This is ITVersity repository to provide appropriate single node hands on lab for students to learn skills such as Python, SQL, Hadoop, Hive, and Spark. This is extensively used as part of our Udemy courses as well as our upcoming guided programs. You can also use our state-of-the-art multi-node Hadoop and Spark lab.

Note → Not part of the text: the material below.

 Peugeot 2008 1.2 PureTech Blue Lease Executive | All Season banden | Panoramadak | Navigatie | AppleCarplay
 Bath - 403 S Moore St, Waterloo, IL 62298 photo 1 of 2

This GitHub repository can be leveraged to setup Single Node Hadoop and Spark Cluster along with Jupyterlab and Postgres to learn Python, SQL, Hadoop, Hive, and Spark which are covered as part of the below Udemy courses. They are available at a max of $25 and we provide $10 coupons 3 times every month. Also, these courses are part of Udemy for business.

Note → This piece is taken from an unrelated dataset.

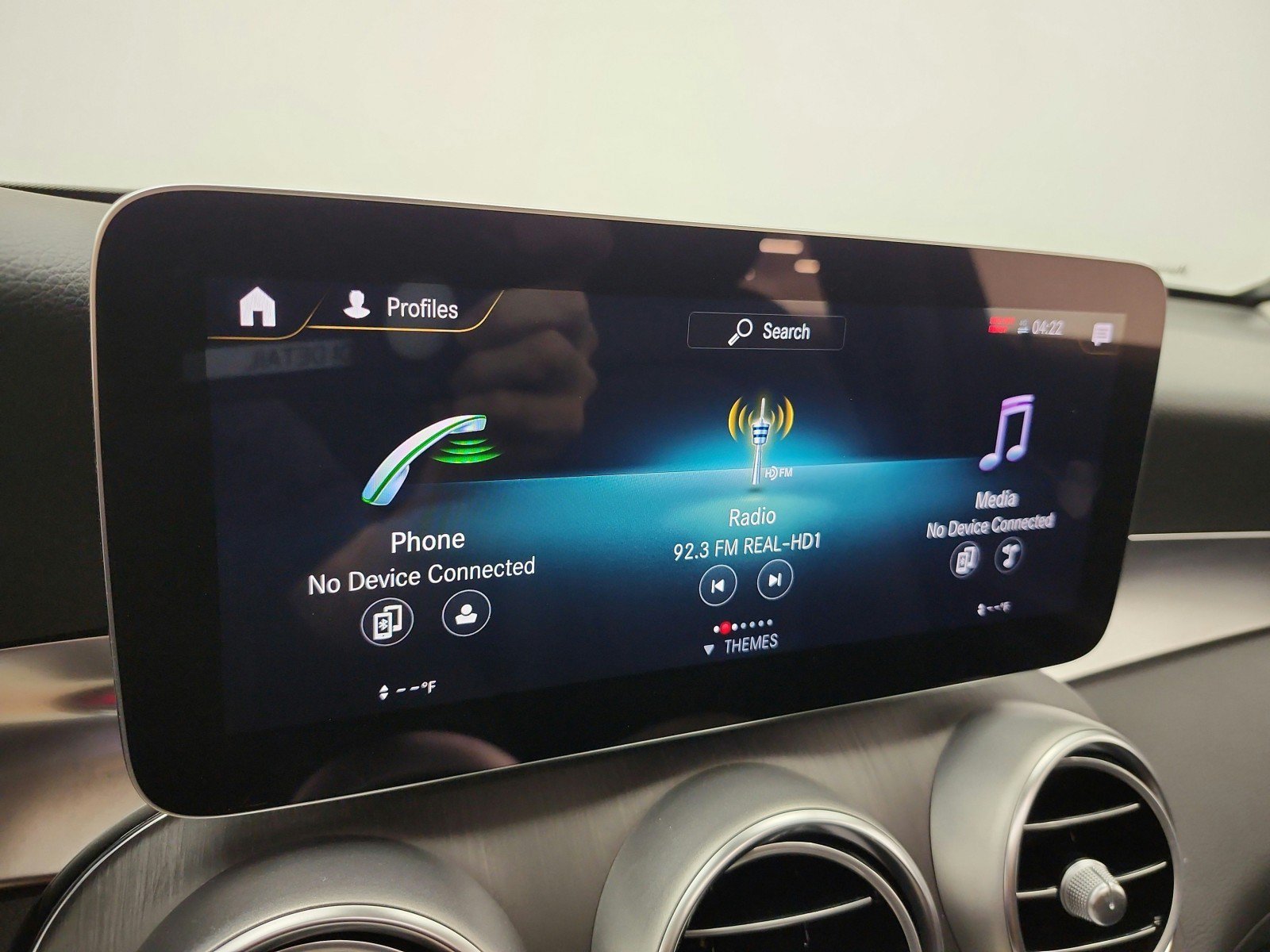 Used 2022 Mercedes-Benz GLC 300 w/ Premium Package Lite image 9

Receive Udemy Course Coupons by filling ITVersity Course Coupons - Github Data Engineering Spark Repository form
As part of this custom image built by us, we have included the following.
- Hadoop (HDFS, YARN, and Map Reduce)
- Hive
- Spark 2
- Spark 3
- Jupyter based environment
- If you set up the environment as instructed as part of our courses then you will also get the data sets as well as material in the form of Jupyter Notebooks.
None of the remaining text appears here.